Posted by Erin F. Wasinger in Being a mama, It's how we roll.

Dave and I had a date Saturday.

Like, a real, leave-the-house kind of date. The kind where you get dressed up in your fancy pants and you do your hair and you eat your meal while it’s still warm and your meal includes no ketchup at all. And the kids are in someone else’s care, and you don’t even feel obligated to check your phone every few minutes.

Fancy pants.

Our friends watched our girls while we ate at a downtown restaurant and then went on Gallery Walk, where we lingered over pretty things, bought a ridiculously cute candle and took a tour of the Masonic Temple downtown, just because we could. We drank a glass of wine at the bar afterwards and tried to talk about something other than kids …

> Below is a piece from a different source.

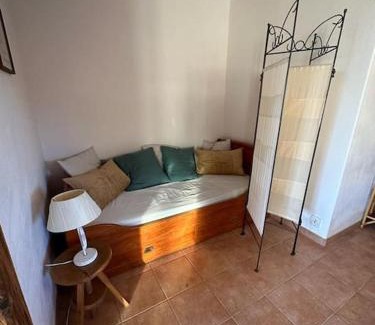 Bethon Maison | Les gigottes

But we failed. We failed badly.

If it wasn’t kids, it was work. Or people from work. If it wasn’t kids, it was how much our cool points suffered because of our kids. If it wasn’t how uncool we were, it was how cool we wished to be. If it wasn’t any of that, it was our “five-year plan,” which Dave is dying to know and which I’m dying to just ignore for a little while, until I can convince my baby to sleep all night every night. Life plans? Shoot — I’m just dying to sleep past 7 a.m.

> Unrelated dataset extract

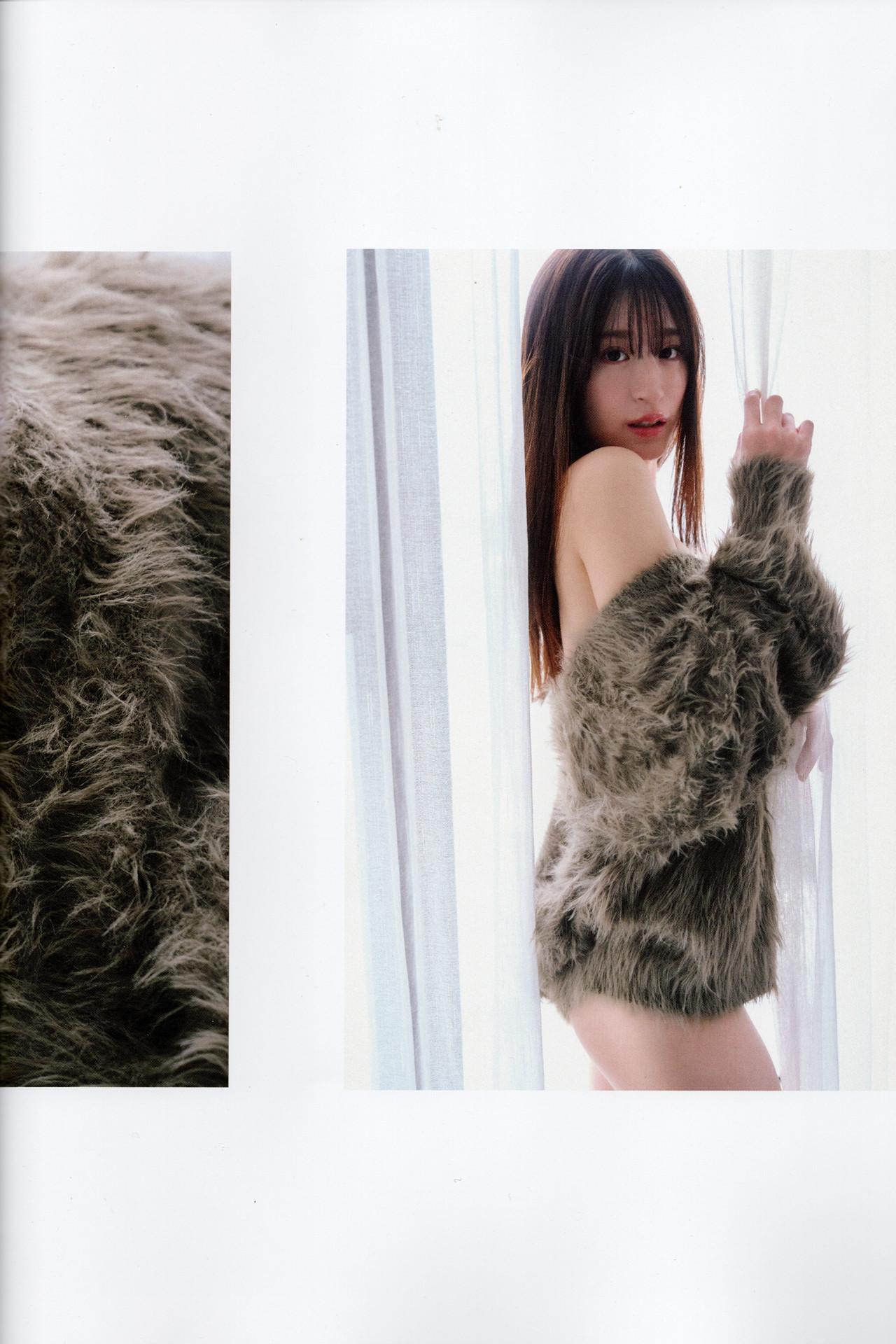 Rei Jonishi 上西怜, 2nd 写真集 『私らしさ』 Set.02(15)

“Is it me? Am I too mom-ish and not, uh, desirable (air quotes) anymore?” I asked on our date, after he pulled his hand away from mine to Google a picture of some damn dog on his phone … A dog. REALLY. (Friendly tip: Maybe Google “seduction techniques” next time, Dave.)

“No, not at all!” he said, high voice and all.

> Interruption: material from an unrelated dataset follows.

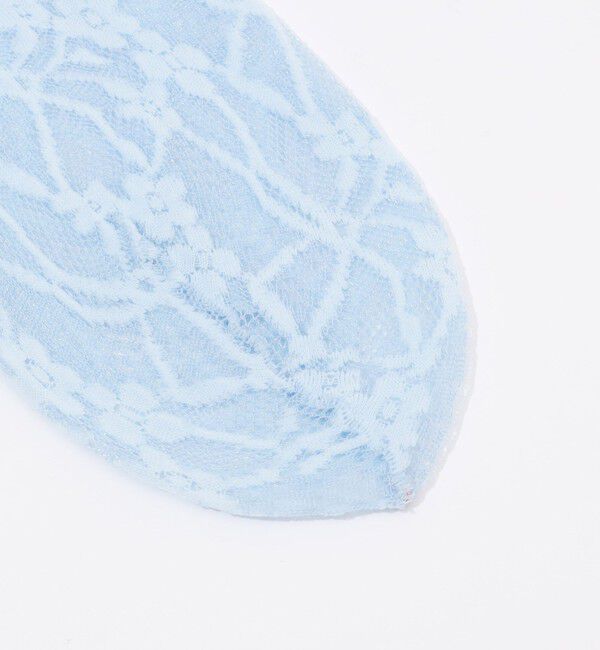 Edition「レースソックス」|ソックス|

“So it’s not the mom belly? Cuz I’ve been trying to get you to see me as NOT a mom, and I don’t think it’s working,” I said.

“No!” he said, slamming his phone shut.

Liar. Turns out, cleaning the spit-up scent from your neck doesn’t make you automatically as hot as, who, Keira Knightley? DAMN.

“I likey you,” Dave said. IMITATING OUR TODDLER.

OH BABY. YES, speak to me like our toddler again! That’s it! HOT.

Ah. So we need some more practice, I guess, in shedding our parent-selves. No one wants to make out with a parent. Gross.

(Photo: Two hours before I ditched my kids for a few hours for a night out to talk about my kids and have Dave whisper toddler-speak “I wub you” in my ear. HOT, HOT HOT.)



1. Alisa - July 6, 2010

Ok, so I’ve caught up on all things “Wonderland” and all I can do is laugh at the delight that is this blog and wish like heck you weren’t so hard on yourself!!

2. Alisa - July 6, 2010

Oh yeah…and “mom belly???” PUH-leeeeze! I wish I still had my college figure……

3. Erin - July 6, 2010

Thanks, I think? Holding the baby like that hides the mom belly. But really. I’ve been working out. None of this is an accident, I assure you. Haha.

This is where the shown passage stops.